SSH
Our UNIX systems provide access via the Secure Shell Protocol. SSH performs two roles. First, it encrypts the connection between the client, and server. This prevents people from "snooping" or capturing the network traffic that is traveling back and forth between your computer, and the server. You are probably used to this happening when you visit secure web sites. The other primary role that SSH performs occurs when you first log in. Each time you contact a SSH server, the server will send you it's key which your client will then use to bootstrap the encryption process. The first time your client logs in to a server, it will ask you to confirm that you have gotten the right key. When you confirm that the key is correct, it will be recorded for future use as a validation tool that you have indeed contacted the correct server. Secure web sites do this also, but the infrastructure is a bit more sophisticated, and a whole industry of key-signers has sprung up. These key-signers sign the server keys, and if your browser accepts the validity of the signer, then it will accept that it has received the final. Otherwise, your web browser will stop the connection, and ask for permission to continue connecting. If you receive such a warning, and you actually need to log in, then you should weigh need for logging in, versus the consequences of the fact that someone may be listening in on the connection. This is because any large corporation, University, or other institution should be using a widely accepted key-signer, so as to ensure that it's keys will be acceptable to as many clients as possible.
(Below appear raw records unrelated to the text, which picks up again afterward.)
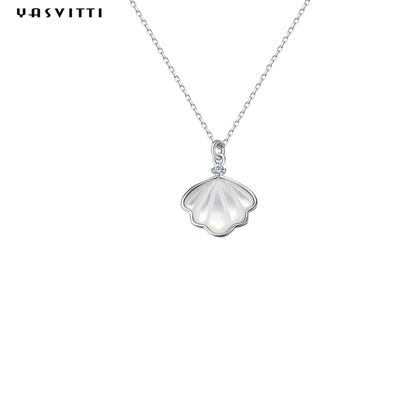 Ngọc trai Vỏ ngọc trai Tự nhiên Xương đòn Chuỗi vòng cổ 925 Sterling Silver Vòng cổ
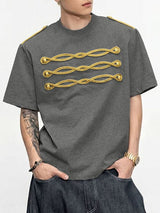 Men's High Street Vintage Military Gold Braided Embroidery T-shirt SKUL73508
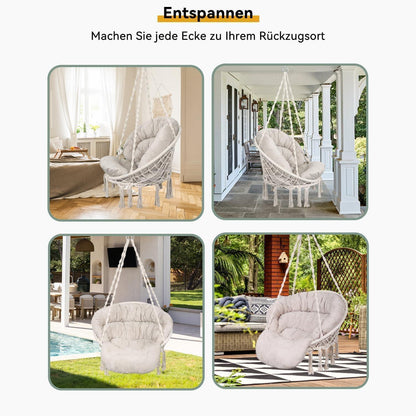 Handgefertigter Makramee Hängesessel mit Kissen – Boho Deko für Innen & Außen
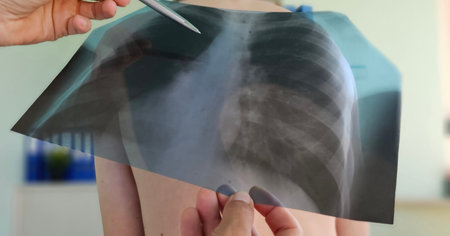 Doctor diagnoses patient's health condition for asthma, lung disease, COVID-19. Chest X-ray...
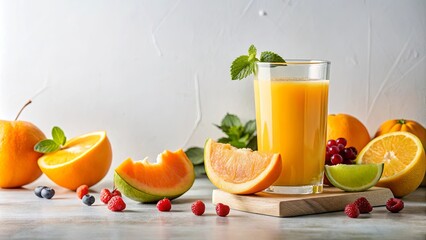 Fototapeta premium Refreshing citrus juice with assorted fruits and berries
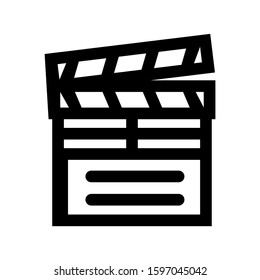 clapper board icon isolated sign symbol vector illustration - high quality black style vector icons
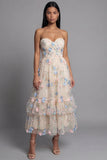 Champagne Floral Maxi Ruched A Line Beach Wedding Guest Dress with Ruffles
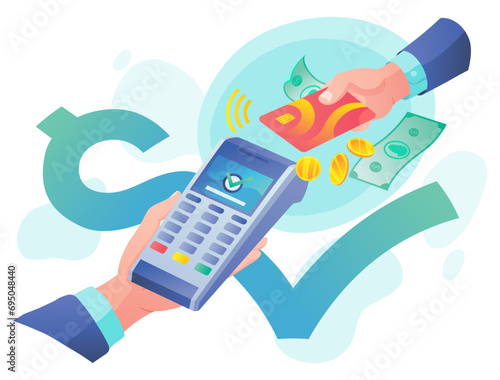 Vector payment machine and credit card. POS terminal confirms the payment by debit credit card, invoce. Vector illustration in flat design. NFC payments concept. Isometric NFC payments concept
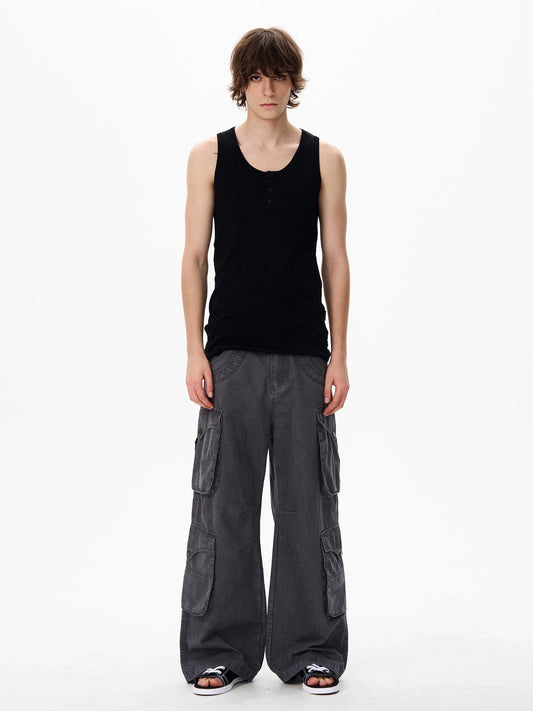 RT No. 18142 MULTI-POCKET CARGO STRAIGHT PANTS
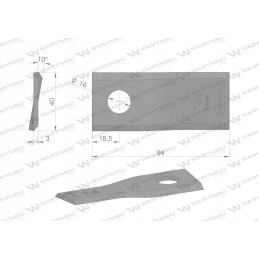 Dešinysis vejapjovės peilis 94x40x3mm skylė 16 naudojimo atvejų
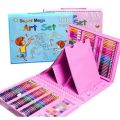 208 Pieces Double Sided Trifold Easel Art Set Portable Art Supplies Drawing Set Box With Oil Pastels Crayons Colored Pencils Markers Paint Brush Sketch Pad For Kids Gift.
Back to ssh. When the client does warn you about the key you'll need to respond as appropriate. If you are using a GUI client, then you should just be able to easily point and click to approve the key. If you are using a terminal based SSH client (ie, from another UNIX system, or from a MacOS X system), you should see something this:
The authenticity of host 'host.ccbb.utexas.edu (192.168.7.101)' can't be established. RSA key fingerprint is da:bc:72:76:15:51:46:dd:3b:d9:97:50:db:e7:74:42. Are you sure you want to continue connecting (yes/no)?
To be extra safe, you should confirm that this is indeeed the correct key by contacting the admin of the server. As a practical matter, most people just say "yes". When the key is actually accepted you see this:
Warning: Permanently added 'host.ccbb.utexas.edu' (RSA) to the list of known hosts.
If you see this when you log in
@@@@@@@@@@@@@@@@@@@@@@@@@@@@@@@@@@@@@@@@@@@@@@@@@@@@@@@@@@@ @ WARNING: POSSIBLE DNS SPOOFING DETECTED! @ @@@@@@@@@@@@@@@@@@@@@@@@@@@@@@@@@@@@@@@@@@@@@@@@@@@@@@@@@@@ The RSA host key for host.ccbb.utexas.edu has changed, and the key for the according IP address 192.168.7.100 is unchanged. This could either mean that DNS SPOOFING is happening or the IP address for the host and its host key have changed at the same time. Offending key for IP in /root/.ssh/known_hosts:37 @@@@@@@@@@@@@@@@@@@@@@@@@@@@@@@@@@@@@@@@@@@@@@@@@@@@@@@@@@@ @ WARNING: REMOTE HOST IDENTIFICATION HAS CHANGED! @ @@@@@@@@@@@@@@@@@@@@@@@@@@@@@@@@@@@@@@@@@@@@@@@@@@@@@@@@@@@ IT IS POSSIBLE THAT SOMEONE IS DOING SOMETHING NASTY! Someone could be eavesdropping on you right now (man-in-the-middle attack)! It is also possible that the RSA host key has just been changed. The fingerprint for the RSA key sent by the remote host is da:bc:72:76:15:51:46:dd:3b:d9:97:50:db:e7:74:42 Please contact your system administrator. Add correct host key in /root/.ssh/known_hosts to get rid of this message. Offending key in /root/.ssh/known_hosts:53 RSA host key for host.ccbb.utexas.edu has changed and you have requested strict checking. Host key verification failed.
or something similar DO NOT LOGIN. Instead, you need to ask for further guidance.
Once you have logged in via SSH, you will have the normal UNIX terminal environment, and you can begin issuing commands.
Alternate Port
Because of the efforts of the Secure Shell programmers, the most common attach against systems that use secure shell is a dictionary attack. Hackers attempt to break in to the system by trying lists of usernames and passwords. Having EID based usernames help protect servers because they are not likely to be used elsewhere. Still it does make monitoring the system for security problems difficult because log files will be full of failed login attempts, and in one access to a system is failing even for legitimate users.
When the client contacts the server, it indicates that it wants to use the SSH service by specifying the well-known port number for the SSH protocol. This is port 22. Every Internet service has a well-known port number, but there is nothing says a service has to be made available at it's well-known port. By moving SSH to an alternate port, we can prevent these dictionary accounts. They would be required to scan the entire range of port numbers until they found the SSH service.